On January 1 of each year, new legislation comes into force. So what’s new in German civil procedure?
Not a lot, really: First, there are the new rules on withdrawing appeals before the Federal Supreme Court (Bundesgerichtshof) which are designed to make it more difficult to prevent unfavourable precedents. As of January 2014, a party to appeal proceedings (Revision) pending before the Federal Supreme Court can no longer unilaterally prevent a judgment from being given, once the oral hearing (mündliche Verhandlung) has commenced. If the party roles are reversed, then the acknowledgement of a debt will only result in s short form judgment without legal reasons, if the other party agrees. As previously discussed in more detail, the law makers did react to a practice of corporate defendants, mainly from the financial services sector, to withdraw their appeal (Revision) before the Federal Supreme Court (Bundesgerichtshof) once it becomes clear that the court will find against them to avoid a judgment that could serve as precedent against them.
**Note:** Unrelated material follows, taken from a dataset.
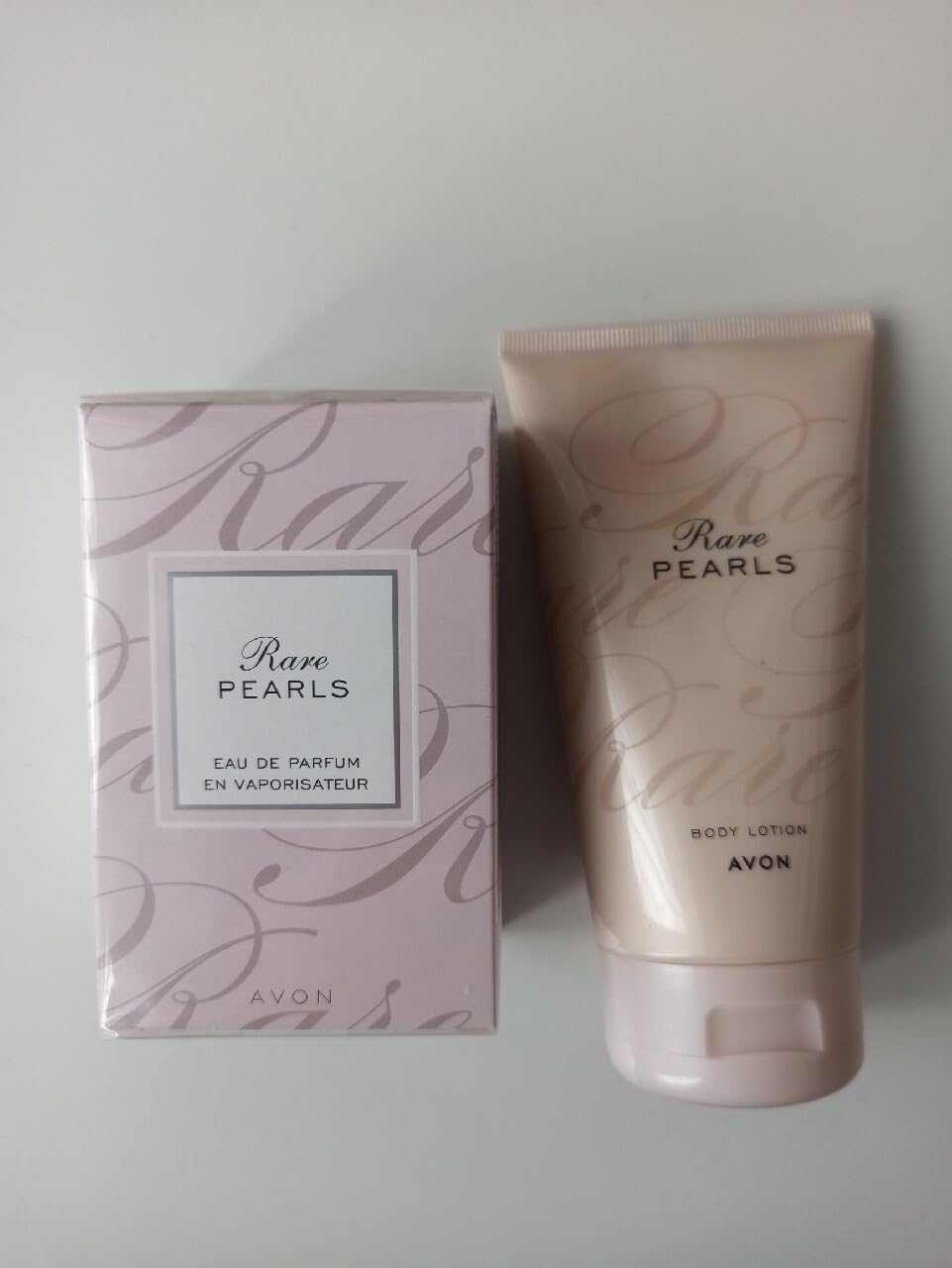Avon Rare Pearls Eau de Parfum & Body Lotion Set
Secondly, certain types of judgments and orders, including cost orders, must now contain information on the legal remedies that are available (Rechtsbehelfsbelehrung) against that decision. A new Sec. 232 ZPO has been introduced to that effect, and similar provisions added in other parts of the Code. However, in commercial litigation, this will be of limited relevance. The provision mainly applies in proceedings where representation by lawyers is not mandatory (Anwaltsprozess). In litigation commencing before the district courts (Landgerichte) however, representation by a lawyer is mandatory. The district courts generally have jurisdiction for all matters where the amount in dispute (Streitwert) exceeds EUR 5,000 (Sec. 23, 71 Courts Constitution Act, Gerichtsverfassungsgesetz).